◆ DATA EXCERPT:

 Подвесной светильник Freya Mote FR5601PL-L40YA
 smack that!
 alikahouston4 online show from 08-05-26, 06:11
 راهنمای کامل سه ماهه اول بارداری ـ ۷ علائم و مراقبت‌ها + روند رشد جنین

◆ TRY IT:
Lines from the one holding "alikahouston4 online show" through the last line of the material are to be repeated exactly; no other lines belong in the answer.

◆ TASK OUTPUT:
 alikahouston4 online show from 08-05-26, 06:11
 راهنمای کامل سه ماهه اول بارداری ـ ۷ علائم و مراقبت‌ها + روند رشد جنین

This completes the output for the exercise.